Need some help Bigger Pockets!  

I have a house undercontract, and I was going finance the purchase and rehab with hard money.  

Gatlinburg, TN

Purchase Price: 285K

Rehab Cost: 50-65K

ARV: 550-600K

Current Appraisal: 390K

Hard Money terms through AMZA are 10% down of the purchase price and rehab cost, 3.5% origination, and 8-9% interest for a 12 month loan.

2 questions:

1.  Is there another hard money lender with better terms?

2. Does anyone know of any lenders that will do a delayed finance, so after I am done with the rehab in 6-8 weeks, I can roll this into a conventional loan?  Trying to see if I can avoid holding this hard money loan for the full 6 month seasoning period required by many lenders.

Thank you in advance for any insight!


@Tri Le I know a lender that might be able to assist. She does purchase price & rehab costs in the same loan up to 75% ARV. We can't drop phone numbers in forums so please send me a DM.

My bigger concern here is where you are sourcing a reliable contractor for this project. It's incredibly difficult to find reliable contractors without having a local network on the ground. Even then, it can be difficult to get contractors to show up and meet deadlines. Even the mediocre ones are booked out months in advance.

@Tri Le

90% ltc

8-9% interest for 12 months

3.5 points

Those aren't bad numbers for hard money.

Try a local bank to roll out of the hard money before 6 months. Your next opportunity would be with a portfolio lender that has no to low seasoning. The rate will be higher than conventional and the cost will be higher than conventional, but you'll be away from the HML. Rates in the 5's on a 30 year fixed should be available.

In truth, it would be better to wait for conventional from a dollars perspective.  I've always counseled my borrowers to exhaust their conventional sources for financing first before shifting to portfolio, but if you don't qualify for some reason, that's the next best option.  You've got to get the property stabilized anyway.

Thank you Stephanie, this is wonderful advice.  

Avery, you have a good point.  Contractors are the source of my anxiety, and I have been burnt in the past with my other projects.  I definitely don't want a repeat.  

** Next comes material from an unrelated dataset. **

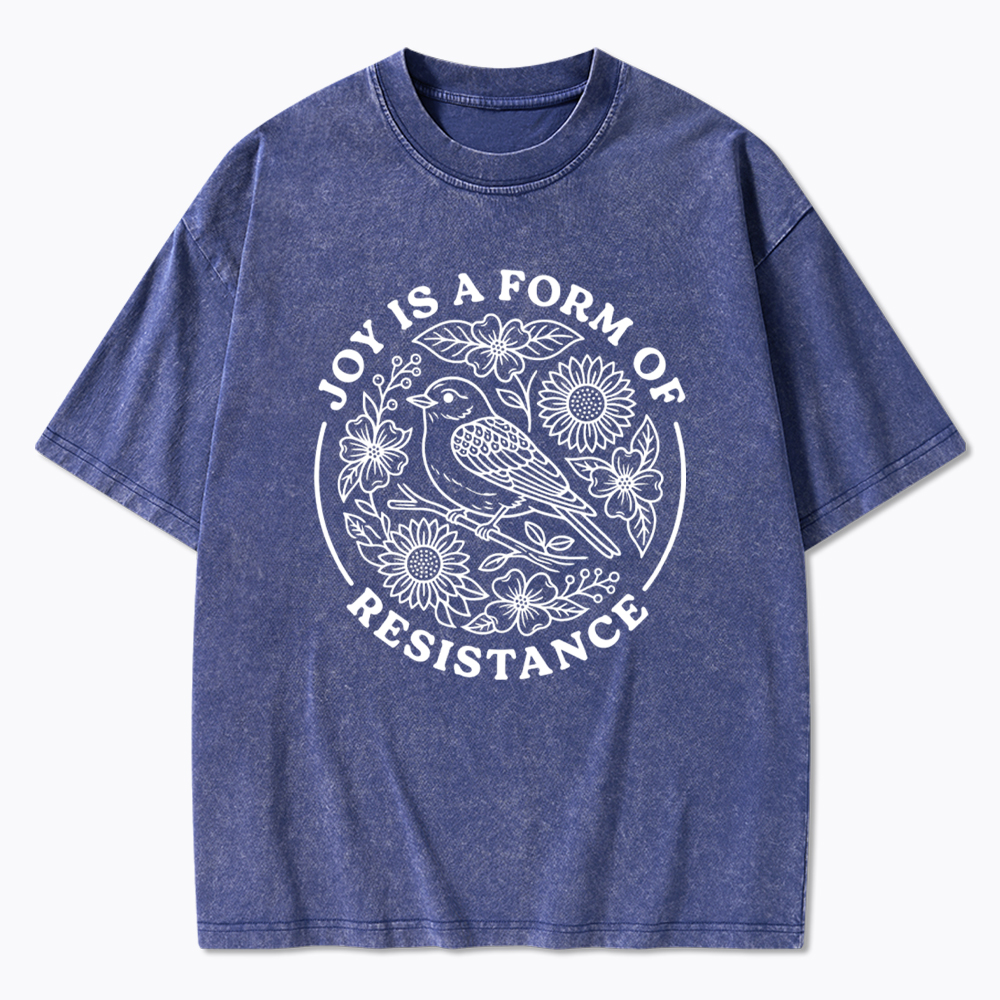Joy Is Resistance Folk Art Bird Washed T-Shirt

I do have an itemized scope of work, but I would like to vet the numbers.  

  My follow up questions are:

1. Anyone open to looking at the scope of work and the subject property offline with me to see if the numbers are accurate for the market?

Thank you BP, let's put this deal together!

@Tri Le , looks like you have some good advice already, but since it hasn't been mentioned I wanted to add the point that the conventional delayed financing rules don't allow you to refi out of a hard money loan - it has to be your money you are getting back (a HELOC works too). But hopefully you'll find a portfolio lender who will work with you. Good luck, looks like a potentially sweet deal!

@Tri Le look at private money or partnership or call around to other hard money lenders. I'm sure you can beat 3.5 as I have hard money lenders not that expensive. 

Also as someone has stated you cannot do delayed financing if it isn't your own cash or HELOC.

But hopefully by now you figured it out. Any other questions I'm here to serve.